-- WHAT THIS TASK INVOLVES --
Task for the records below: copy exactly, and only, the line containing "Жилье в Турции!" and every line after it to the end, with pictures left out.

Top of DATA SHOWN

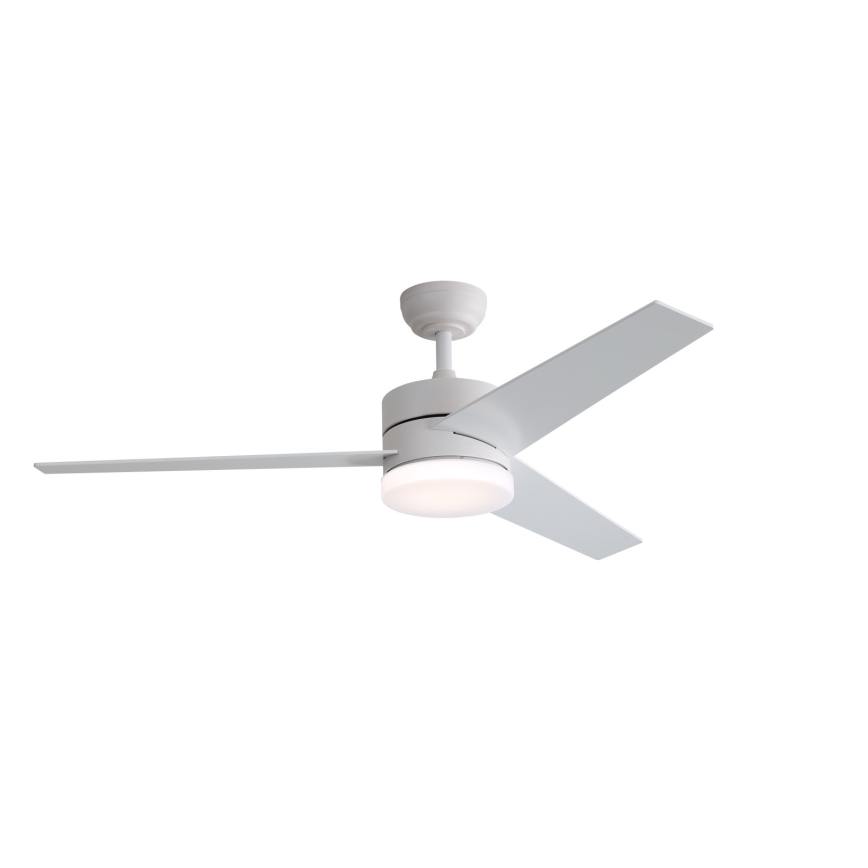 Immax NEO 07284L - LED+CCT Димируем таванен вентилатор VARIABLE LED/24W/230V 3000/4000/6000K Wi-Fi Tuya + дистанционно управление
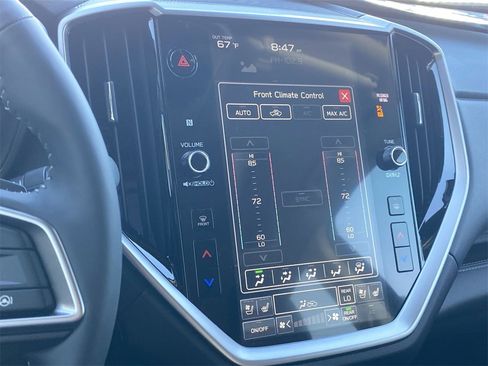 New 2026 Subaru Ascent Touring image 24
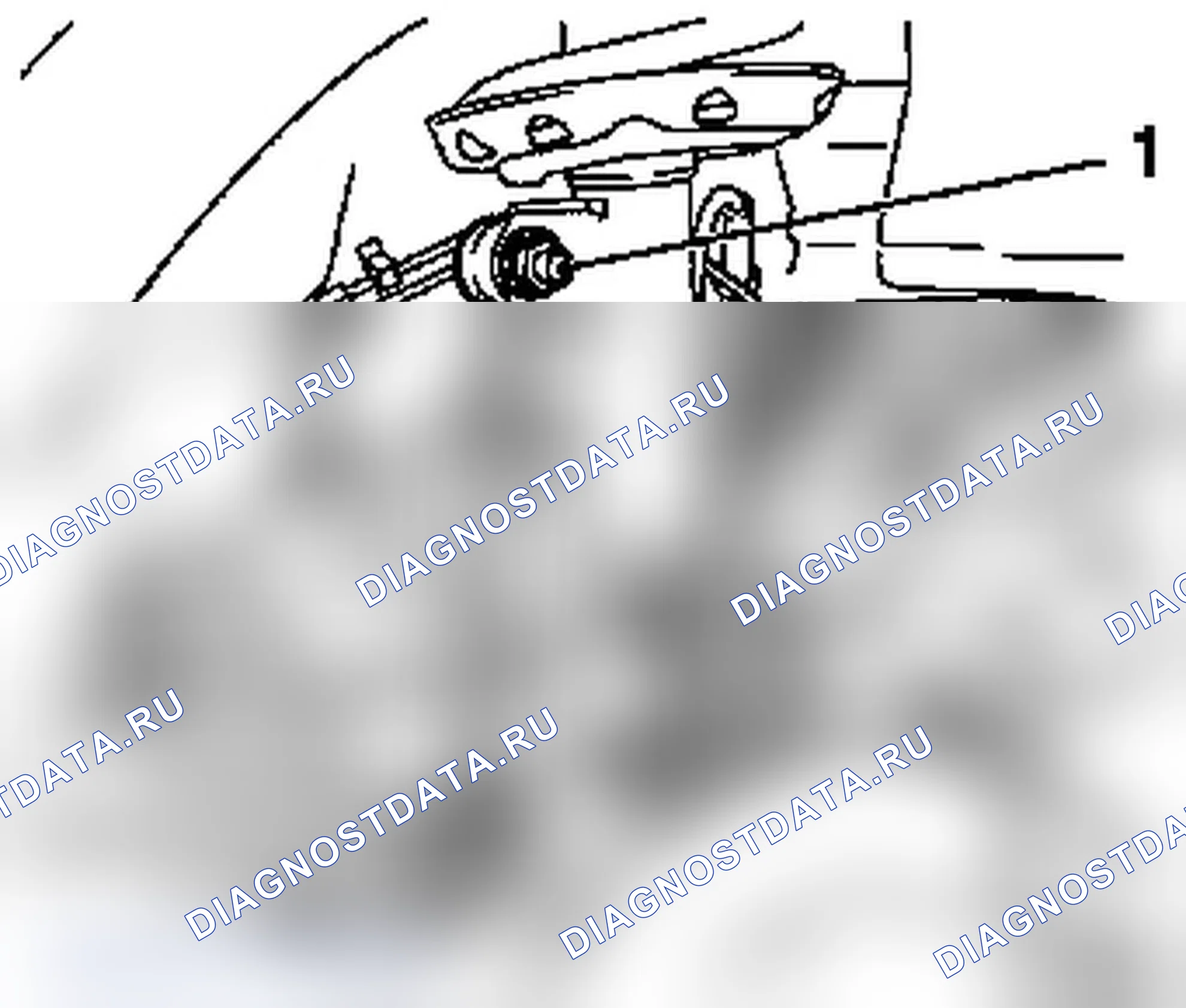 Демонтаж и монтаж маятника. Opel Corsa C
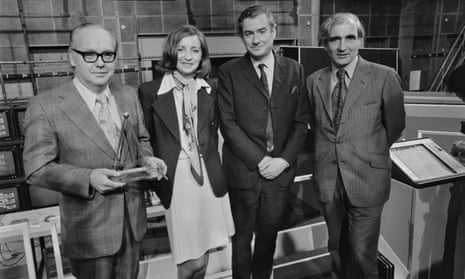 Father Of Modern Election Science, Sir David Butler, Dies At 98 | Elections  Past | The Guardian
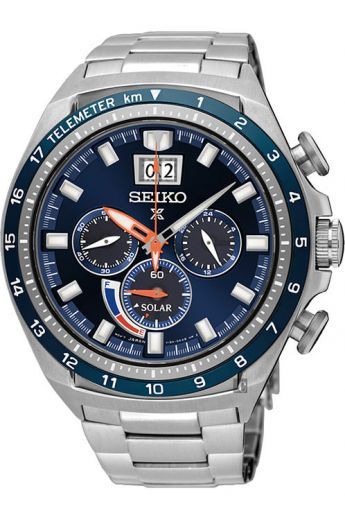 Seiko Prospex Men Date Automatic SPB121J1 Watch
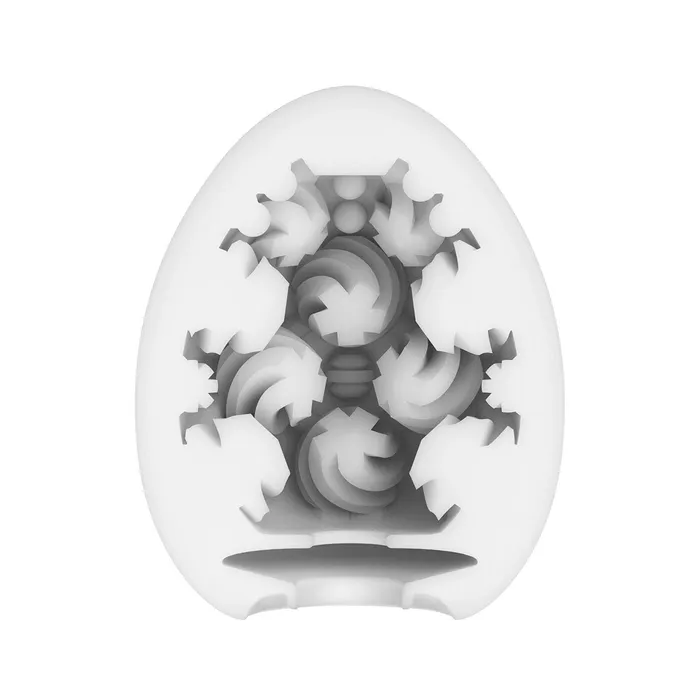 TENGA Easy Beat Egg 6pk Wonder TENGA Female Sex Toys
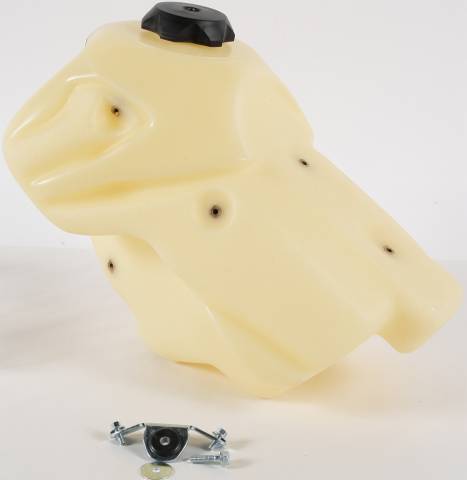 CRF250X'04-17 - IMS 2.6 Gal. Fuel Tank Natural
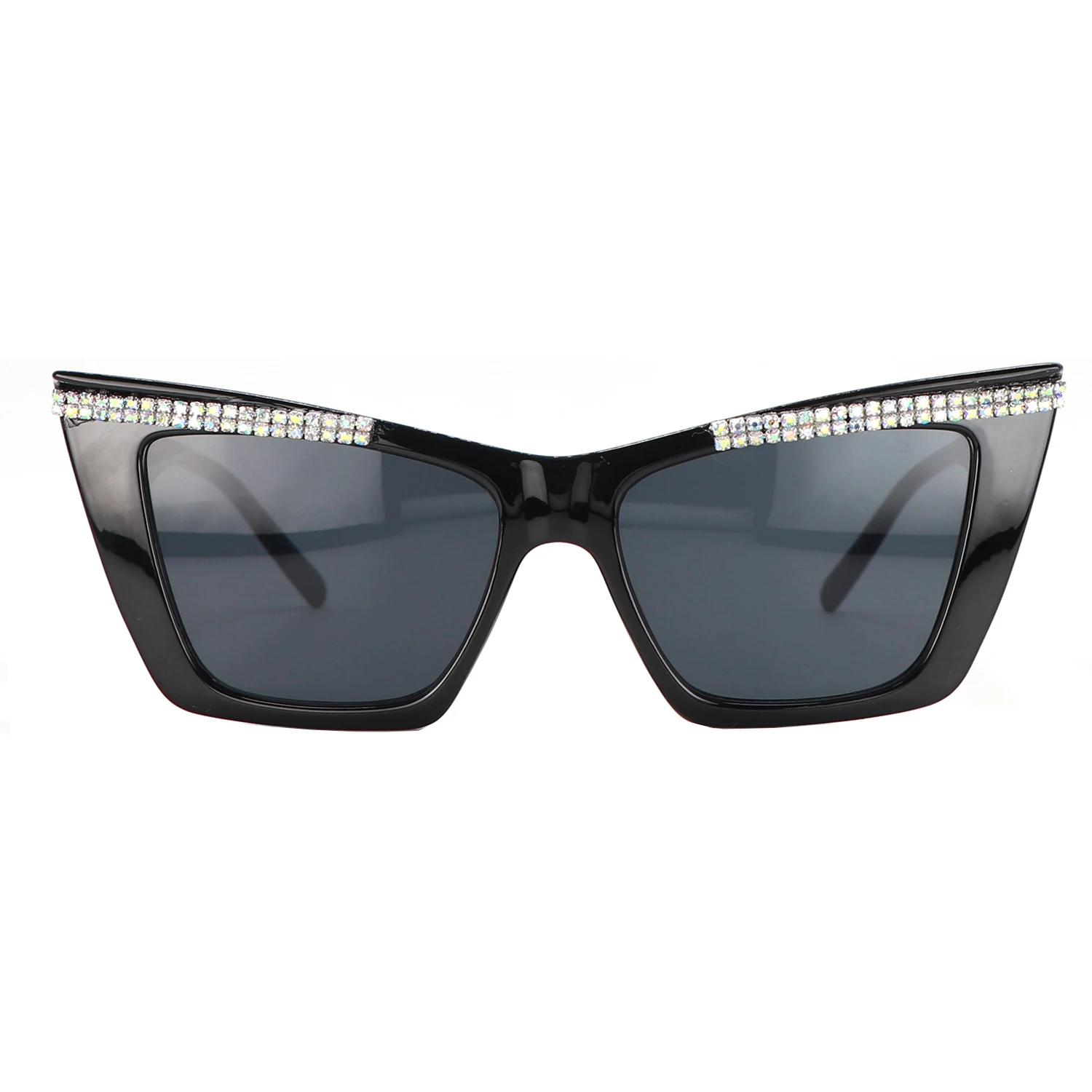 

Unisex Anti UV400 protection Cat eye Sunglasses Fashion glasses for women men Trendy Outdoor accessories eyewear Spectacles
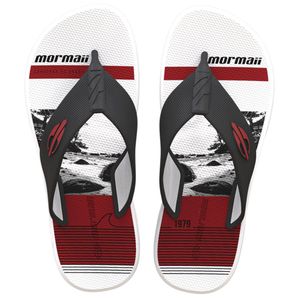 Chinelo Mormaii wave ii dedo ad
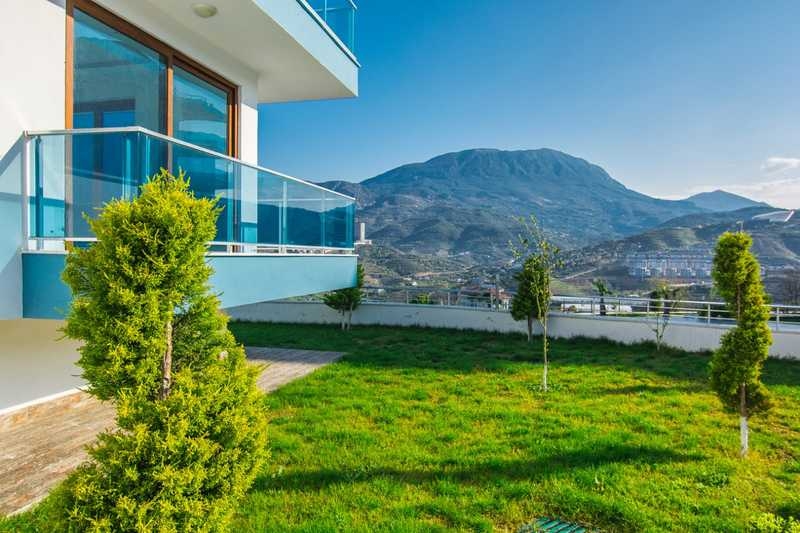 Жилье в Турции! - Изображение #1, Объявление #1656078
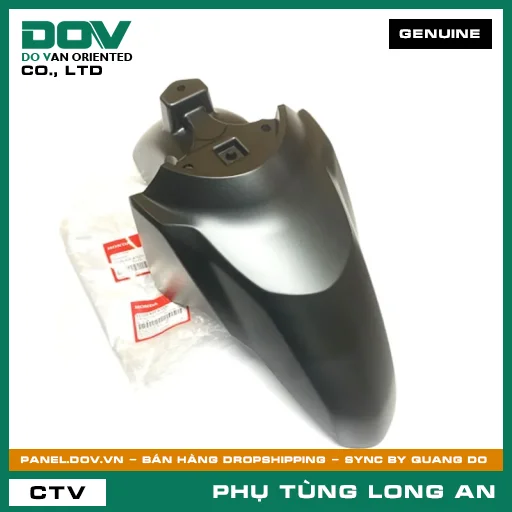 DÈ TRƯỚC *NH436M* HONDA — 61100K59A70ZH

Bottom of DATA SHOWN

-- TASK SOLUTION --
 Жилье в Турции! - Изображение #1, Объявление #1656078
 DÈ TRƯỚC *NH436M* HONDA — 61100K59A70ZH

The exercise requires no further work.